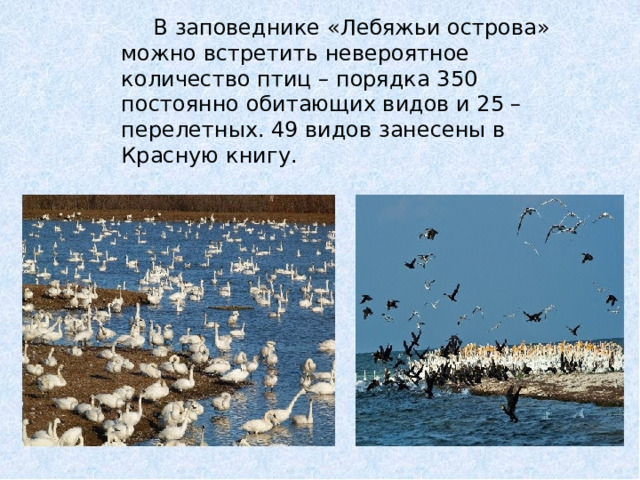  В заповеднике «Лебяжьи острова» можно встретить невероятное количество птиц – порядка 350 постоянно обитающих видов и 25 – перелетных. 49 видов занесены в Красную книгу.    
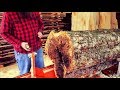 Saw-Milling A Rare Apple Log And Finding Red Gold Under The Bark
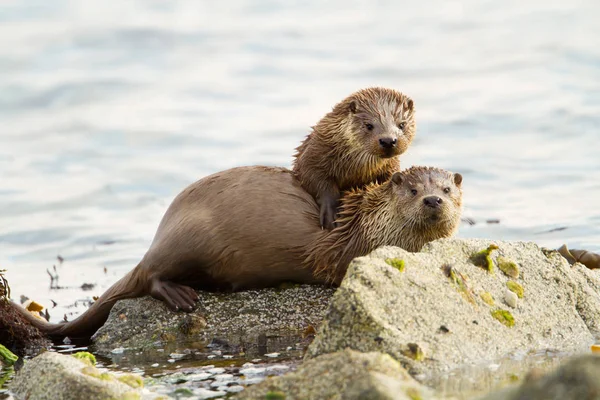 European otters mother and cub on shoreline — Stock Photo, Image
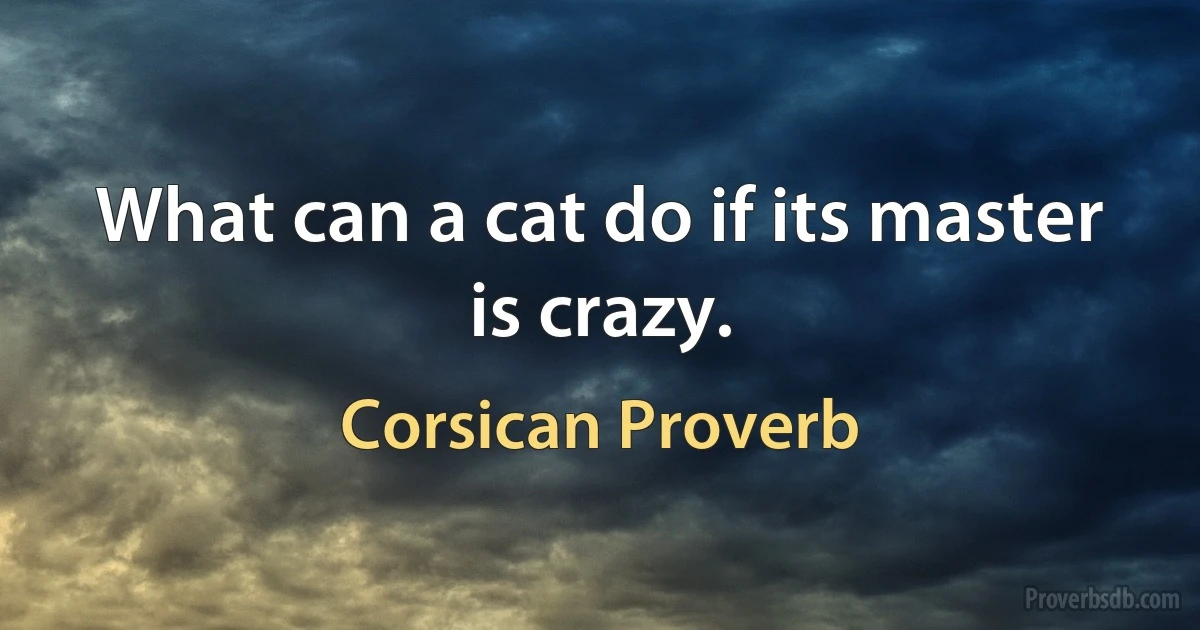 What can a cat do if its master is crazy. (Corsican Proverb)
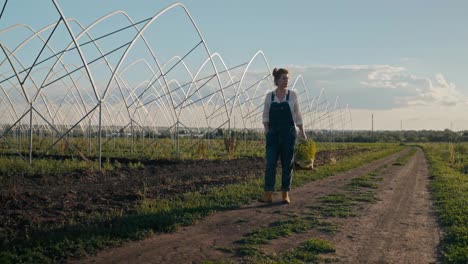 Confident-girl-Farmer-in-denim-overalls-walks-along-an-earthen-road-to-a-field-along-a-farm-in-the-evening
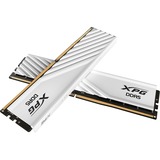 ADATA DIMM 64 GB DDR5-5600 (2x 32 GB) Dual-Kit, Arbeitsspeicher weiß, AX5U5600C4632G-DTLABWH, XPG Lancer Blade, INTEL XMP, AMD EXPO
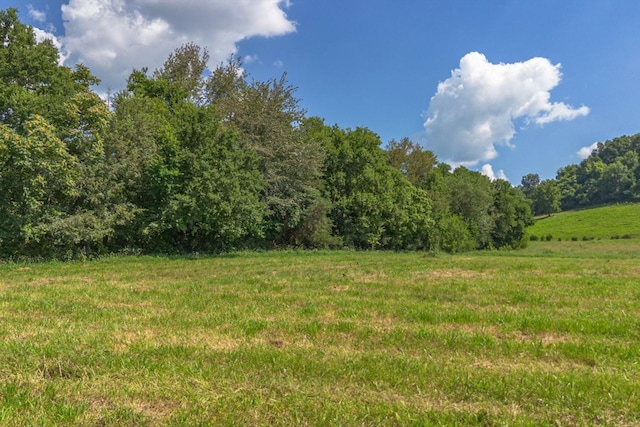 0 Brown Shop Rd, Petersburg, TN 37144 - photo 36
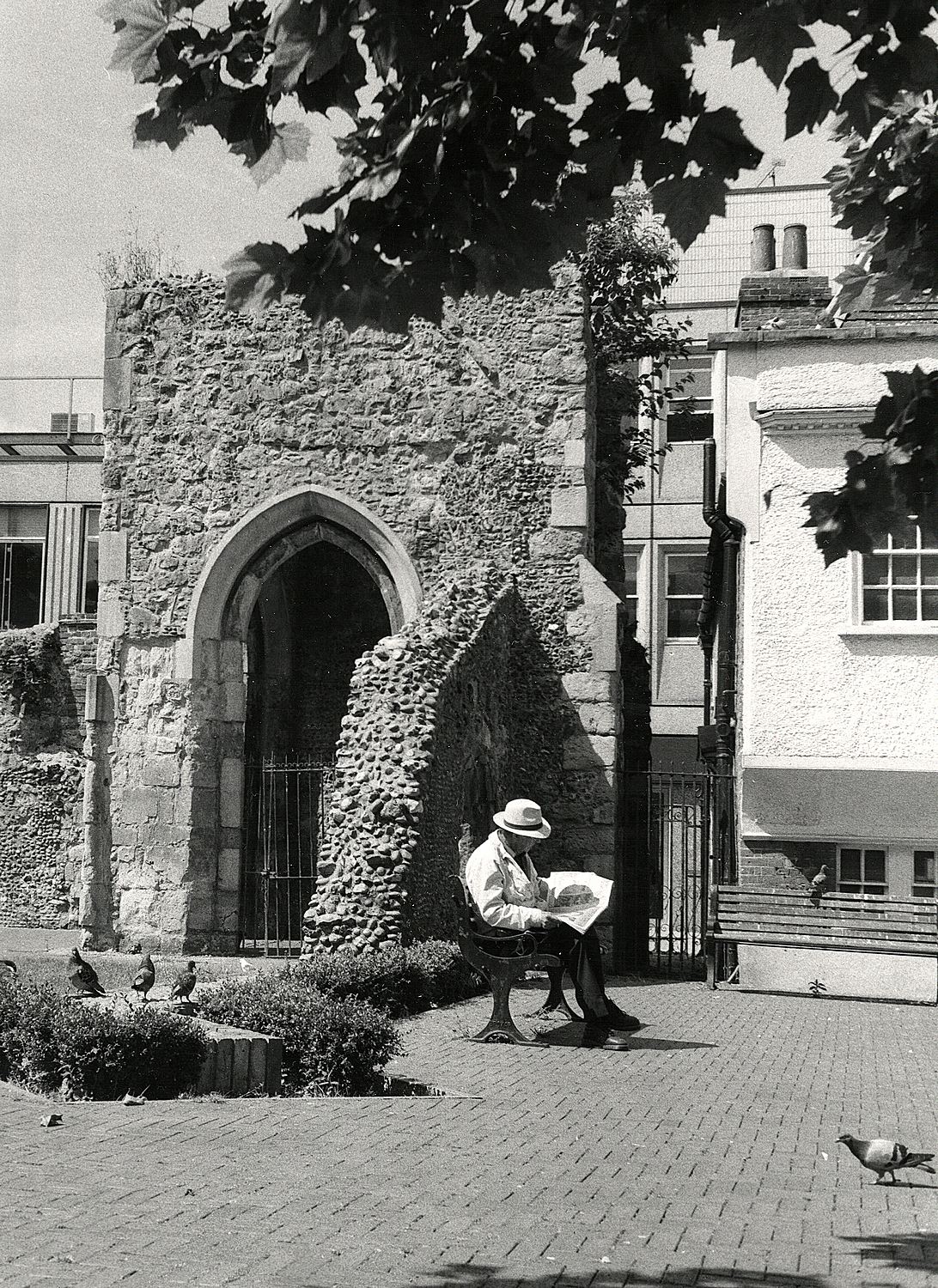 Kodak Bromide 01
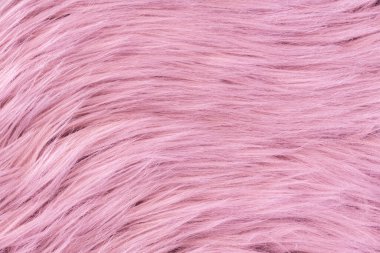 Pink fur texture top view. Pink sheepskin background. Fur pattern. Texture of pink shaggy fur. Wool texture. Sheep fur close up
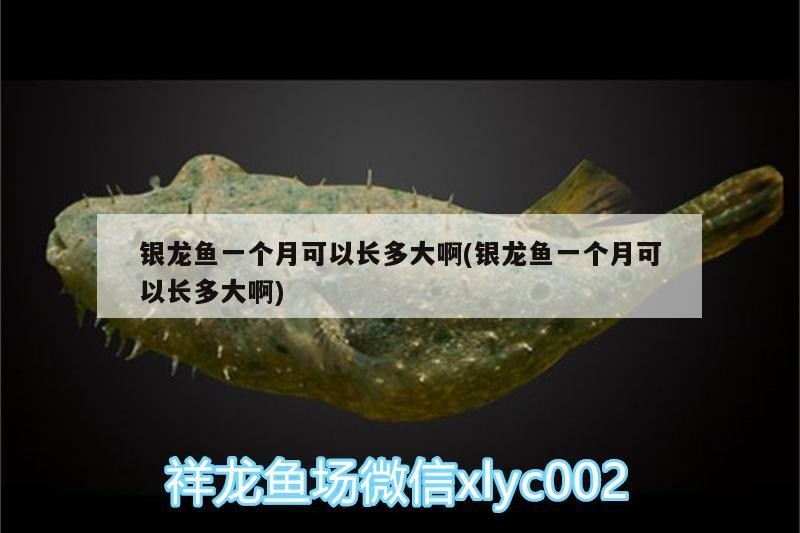 銀龍魚一個(gè)月可以長多大啊(銀龍魚一個(gè)月可以長多大啊)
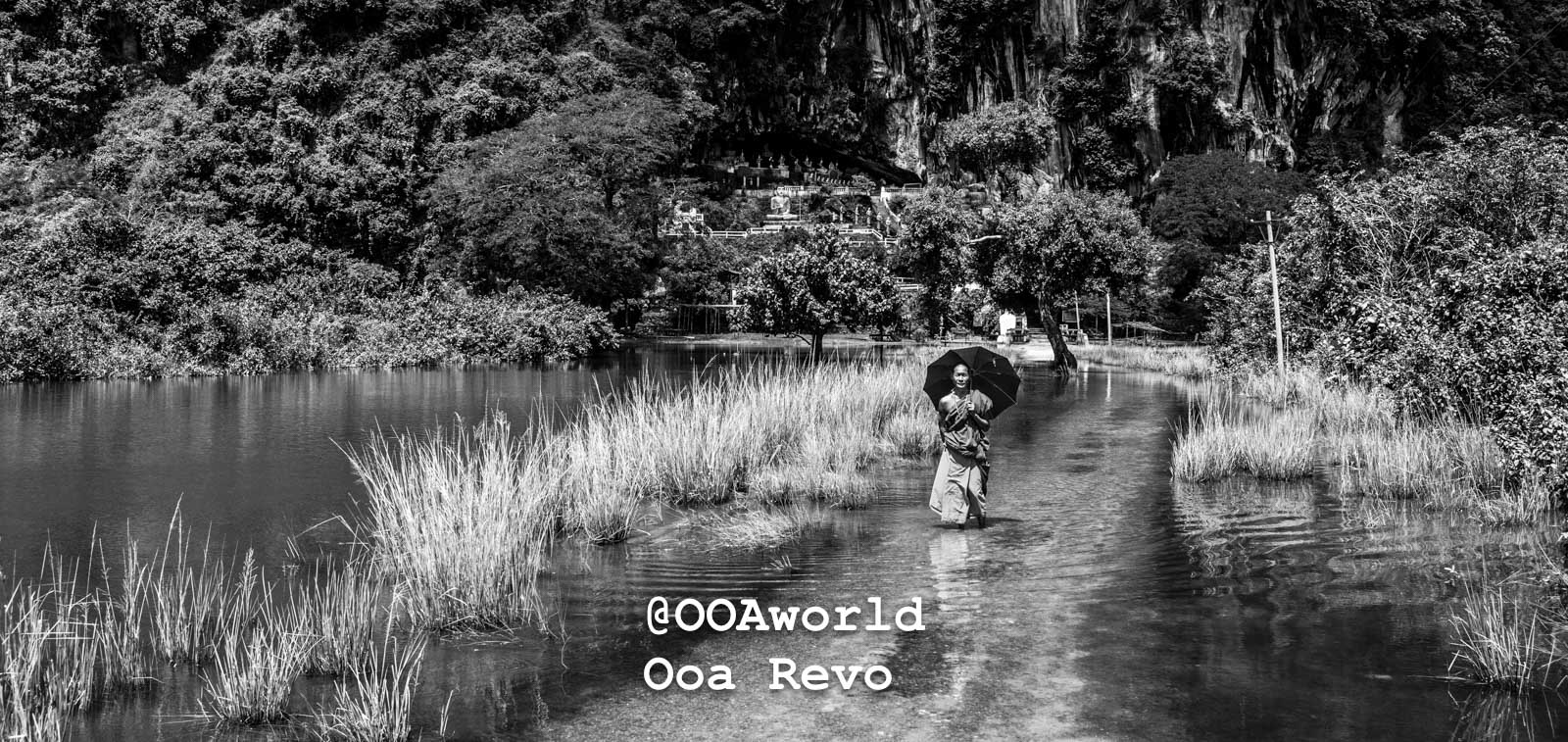 Hpa An People and Portraits Hpa An monk walking through water with umbrella in lush forest Photo OOAworld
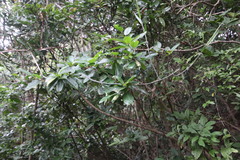 Mitriostigma axillare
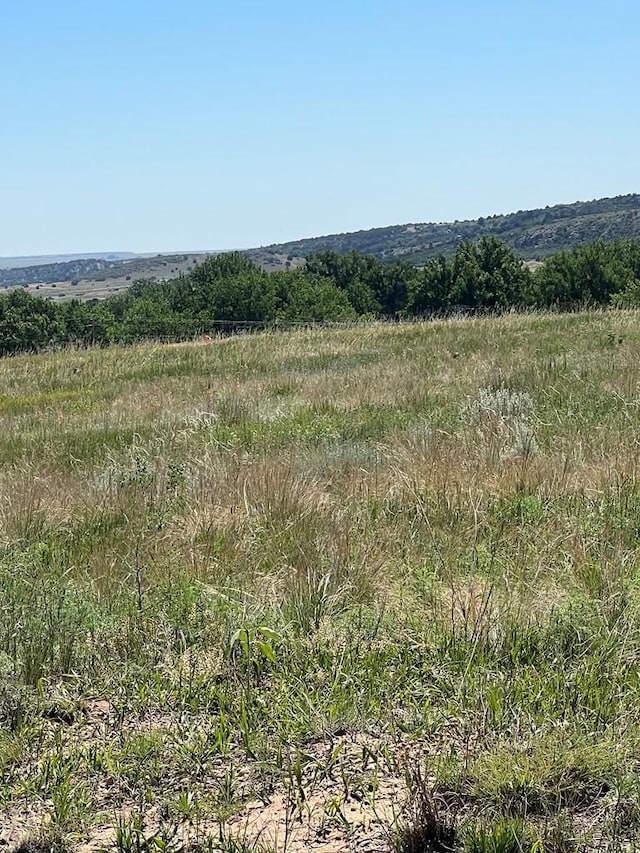 LOT388 Arapahoe Dr, Colorado City, CO 81019 - photo 5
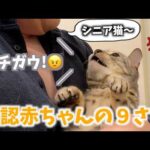 飼い主にシニア扱いをされて怒り出す９歳のネコちゃん(YouTube)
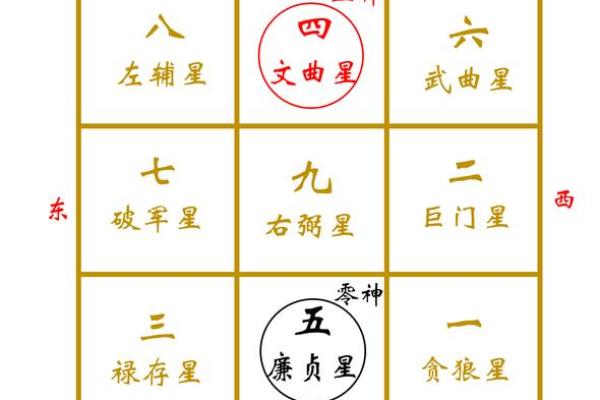 风水住宅有小猪圈？揭秘财运亨通的神奇布局
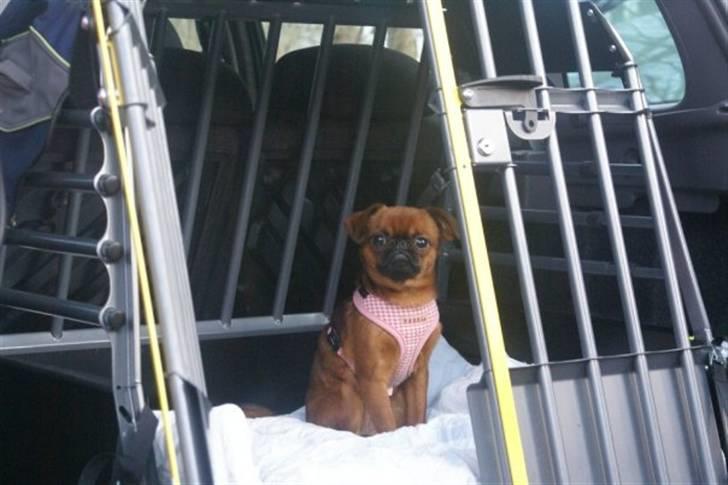 Griffon petit brabancon Cera billede 1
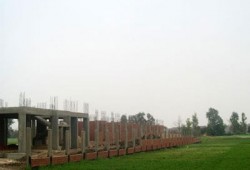 إنجازات الانقلاب.. مصر تخسر 50 ألف فدان زراعي سنويًّا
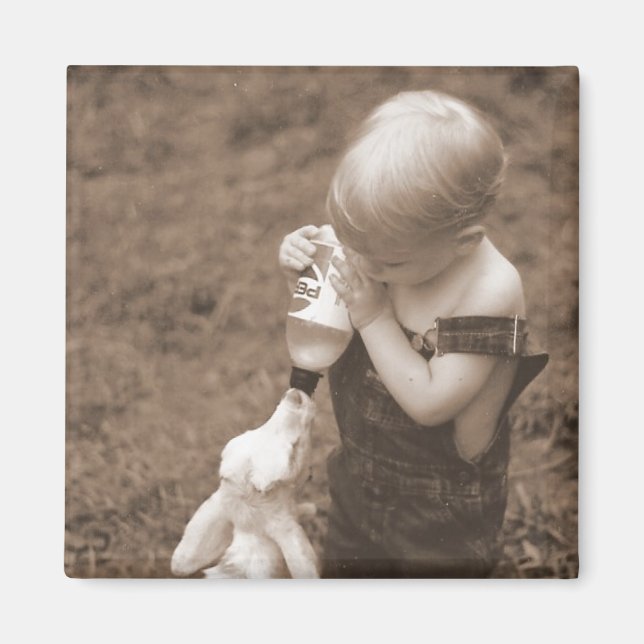 Alimentando el imán de la cabra (Frente)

■ Exercise directions:
Without any pictures, restate word for word only the lines from the one with "0 Brown Shop" through the end of the listing.

■ Solution to this exercise:
 0 Brown Shop Rd, Petersburg, TN 37144 - photo 36
 Kodak Bromide 01
 Pink fur texture top view. Pink sheepskin background. Fur pattern. Texture of pink shaggy fur. Wool texture. Sheep fur close up
 銀龍魚一個(gè)月可以長多大啊(銀龍魚一個(gè)月可以長多大啊)
 Hpa An People and Portraits Hpa An monk walking through water with umbrella in lush forest Photo OOAworld
 Mitriostigma axillare
 LOT388 Arapahoe Dr, Colorado City, CO 81019 - photo 5
 飼い主にシニア扱いをされて怒り出す９歳のネコちゃん(YouTube)
 风水住宅有小猪圈？揭秘财运亨通的神奇布局
 Griffon petit brabancon Cera billede 1
 إنجازات الانقلاب.. مصر تخسر 50 ألف فدان زراعي سنويًّا
 Alimentando el imán de la cabra (Frente)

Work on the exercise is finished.